The first took place some twenty years ago. Walter and his wife, Barbara, had settled into a pattern that’s common in mixed marriages: set the whole question of faith aside and spend Sundays developing home life. In their case, ‘mixed marriage’ meant Walter had grown up Catholic, and Barbara had been raised under the auspices of the Church of Christ. Neither of them was eager to assimilate into the other’s tradition.

“I saw my faith as, you know, the original version,” Walter says, “and even though Barbara’s church had some elements that were similar, I didn’t want to switch, and neither did she.”

Walter says the object that represents his center is the barbecue grill in his back yard, because so much family activity centered around it: all four Deyhle boys and many of their friends romping and frolicking on the lawn.

So they secularized, and that was okay — Walter says the object that represents his center is the barbecue grill in his back yard, because so much family activity centered around it: all four Deyhle boys and many of their friends romping and frolicking on the lawn while Walter and Barbara flipped the burgers and basted the chicken.

A good life, but there was something missing. “We had four young sons,” Walter says, “and since both of us had grown up knowing God, we felt they should, too.” So when new friends in a new neighborhood invited them to attend a local non-denominational church, neither his tradition nor hers, they decided to give it a try.

“It was different from anything we’d ever seen before,” Walter says. “People actually worshipped. I was like, ‘Wow, these people are really affected by what’s being sung and what’s being said.’ Like they’re lifting their arms and everything. Both of us were pretty sure the other one was turned off by this, so in the car on the way home I’m waiting for her to say how horrible it was and she’s waiting for me to say how horrible it was, but neither of us said anything until I finally got my nerve up and said, ‘That was pretty good, wasn’t it?’ and she said, ‘Yeah, it really was.’ So we went back.

“They had a children’s ministry, which was another new experience for us,” Walter explains. “At the Catholic church, your kids stay in the service with you — we had taken ours a couple of times, and half way through we’d realize that one had crawled under the pew and he was four or five rows back. But this place had dedicated children’s programing, which was entirely different. One day we were leaving the parking lot and my older son says, ‘Thanks for finding us a church, Dad.’”
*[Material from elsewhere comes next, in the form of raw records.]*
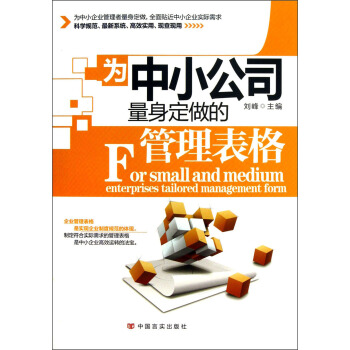 ����С��˾���������Ĺ�������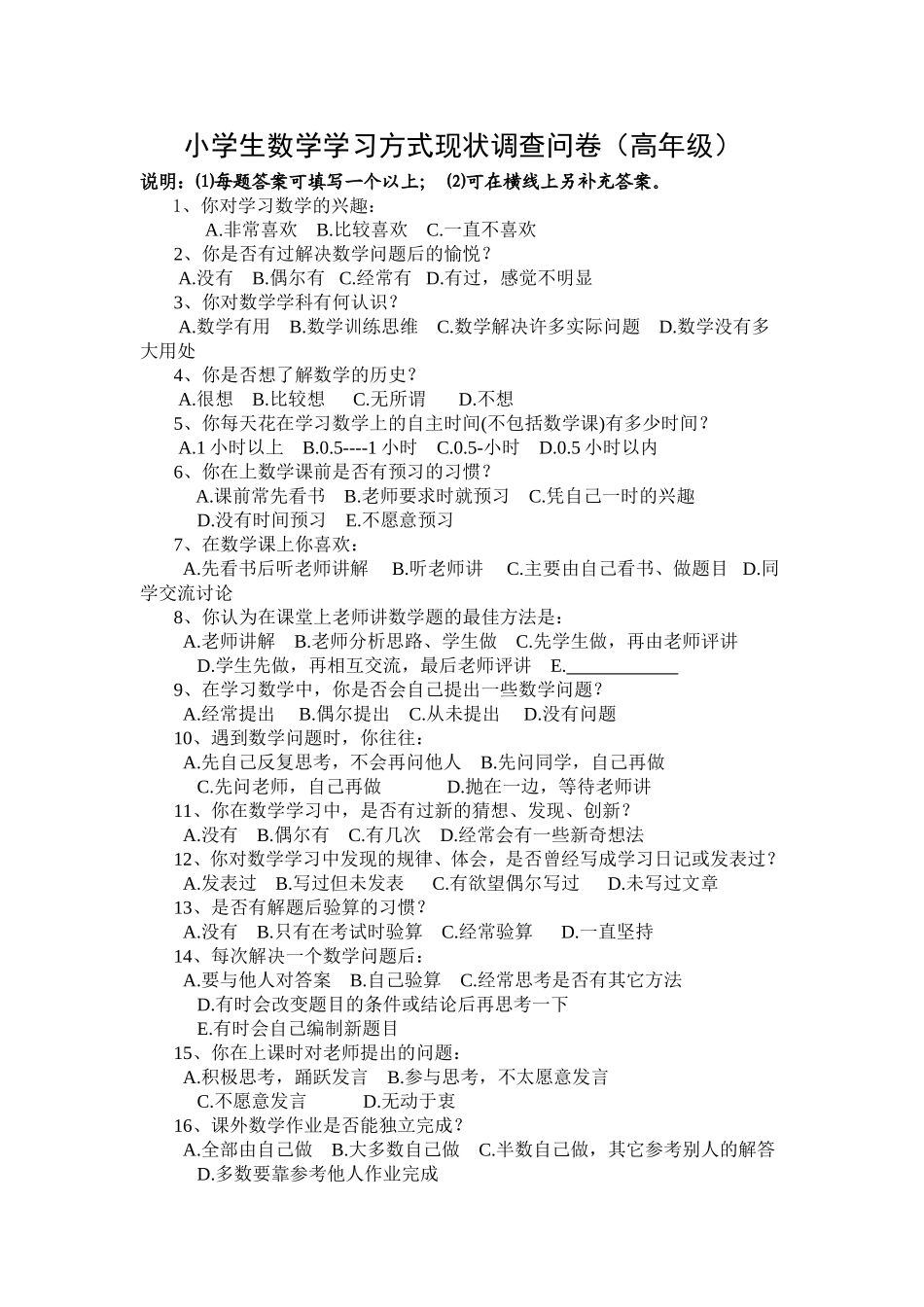 小学生数学学习方式现状调查问卷 (2)_第1页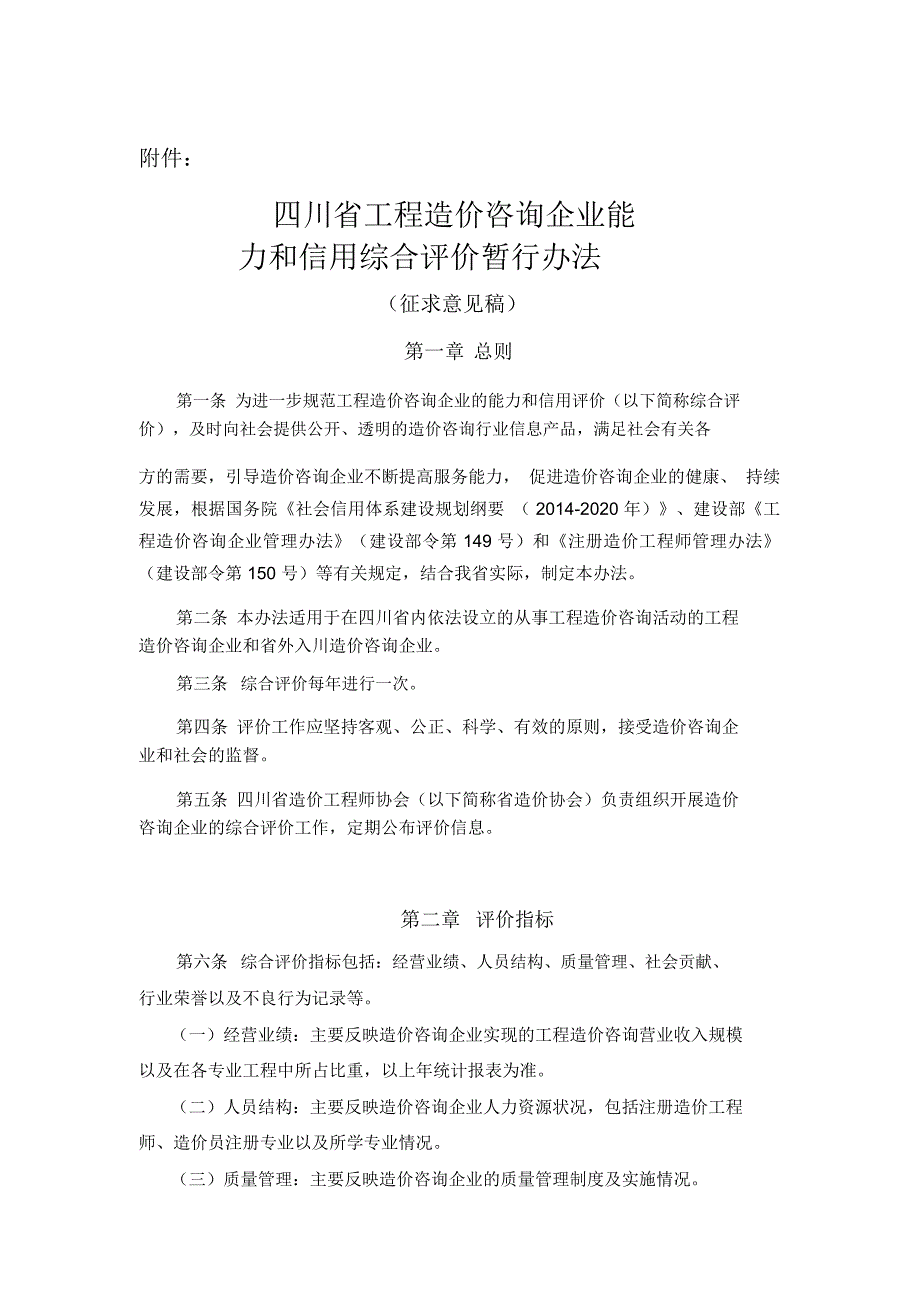 四川工程造价咨询企业能力和信用综合评价暂行办法_第1页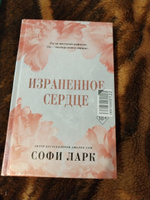 Израненное сердце (#4) | Ларк Софи #1, Алина К.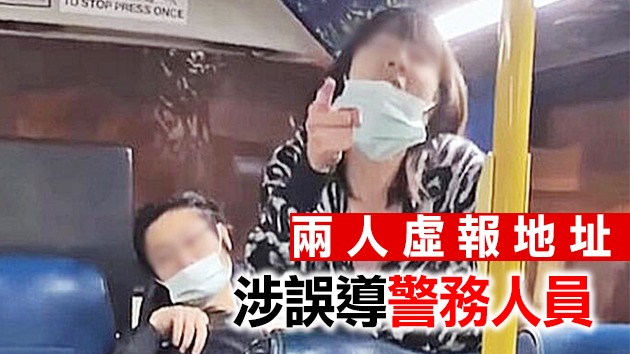 「戴半罩」情侶大鬧巴士 涉誤導警員被捕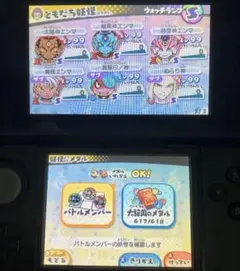 妖怪ウォッチ3 スキヤキ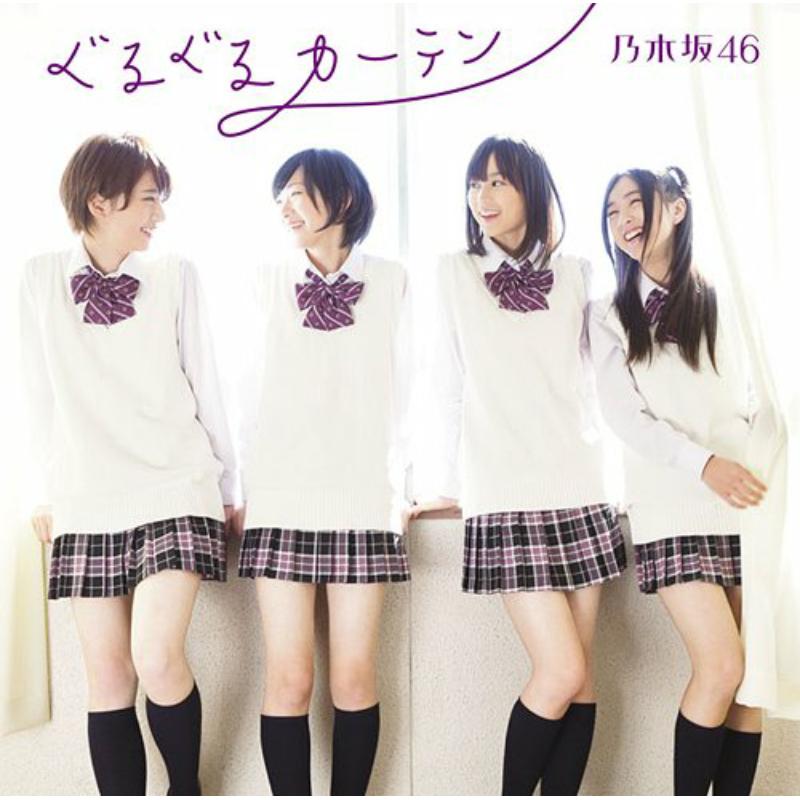 Picture of Nogizaka 46 - Guruguru Curtain [CD+DVD/Type-A]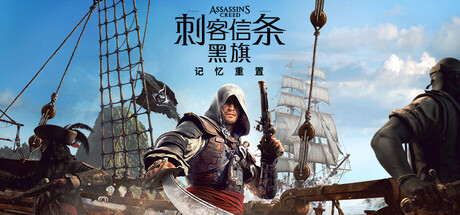 刺客信条：黑旗 记忆重置 游戏封面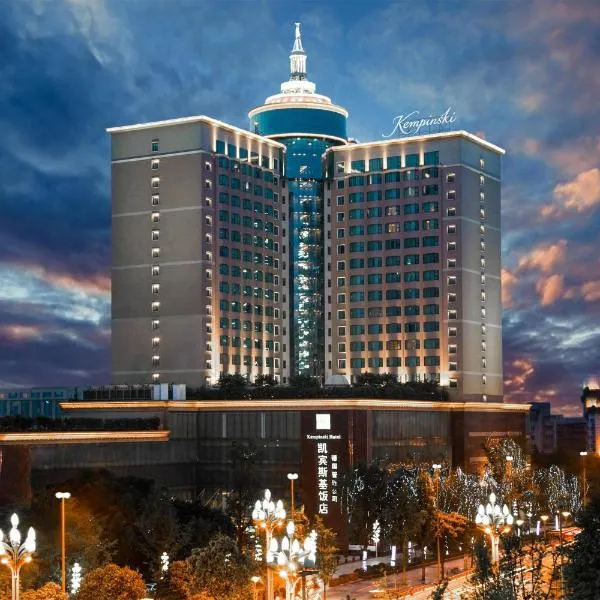 Kempinski Hotel Chengdu-City Center、成都市のホテル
Another distinctive feature of our new church was that members sometimes came forward to witness, and one day a man Walter respected rose to share a vision he had had. He said the Lord had shown him a picture of the boardwalk at Ocean City, and suddenly Christ was there. So all the people on the boardwalk lined up to meet Jesus, and He went along the line saying either, ‘I know you,’ or ‘I don’t know you.’ The man went on to suggest that some of the people who expected to be known — including people who were sitting in church that day — might be surprised to hear Jesus disavow them.

“And suddenly I realized he was talking about me,” Walter says. “My wife and I vacation on the boardwalk at Ocean City every year. I was living the American Dream — great career, great wife, great kids — but I didn’t have a real relationship with my savior. After that, everything changed.”

Walter is the senior tax partner at the accounting firm Gelman, Rosenberg, and Freedman. He joined that firm in 1983, right after completing his undergraduate degree at the University of Maryland. “Back then it was an employer’s market,” Walter says, meaning that if you didn’t have a perfect academic record, you had to take whatever offer you might get, but early in his tenure at GRF, an incident told Walter he had landed in the right place.

“At that point the firm had only six employees,” Walter says, “which was great for me because it meant that I got to do everything — taxes, auditing, accounting — and handling clients on my own from the very beginning. One day I was meeting with a client who ran a video store, and I noticed that her records showed no activity on Tuesdays. I thought maybe they were closed on Tuesdays, but she said no, they just didn’t run anything through the system on Tuesdays. So after the meeting I was talking with Michael Gelman, and I asked if it was normal that they just wouldn’t run anything through their system one day a week. The next thing I know, he has the client on the phone, and he says, ‘You have two choices: recreate everything that happened on Tuesdays this past year, or come and get your records and find another accountant.

“As a young person on the staff, that really impacted me because clients are the lifeblood of your firm. But that showed me that what’s more important is your values and your ethics,” Walter says.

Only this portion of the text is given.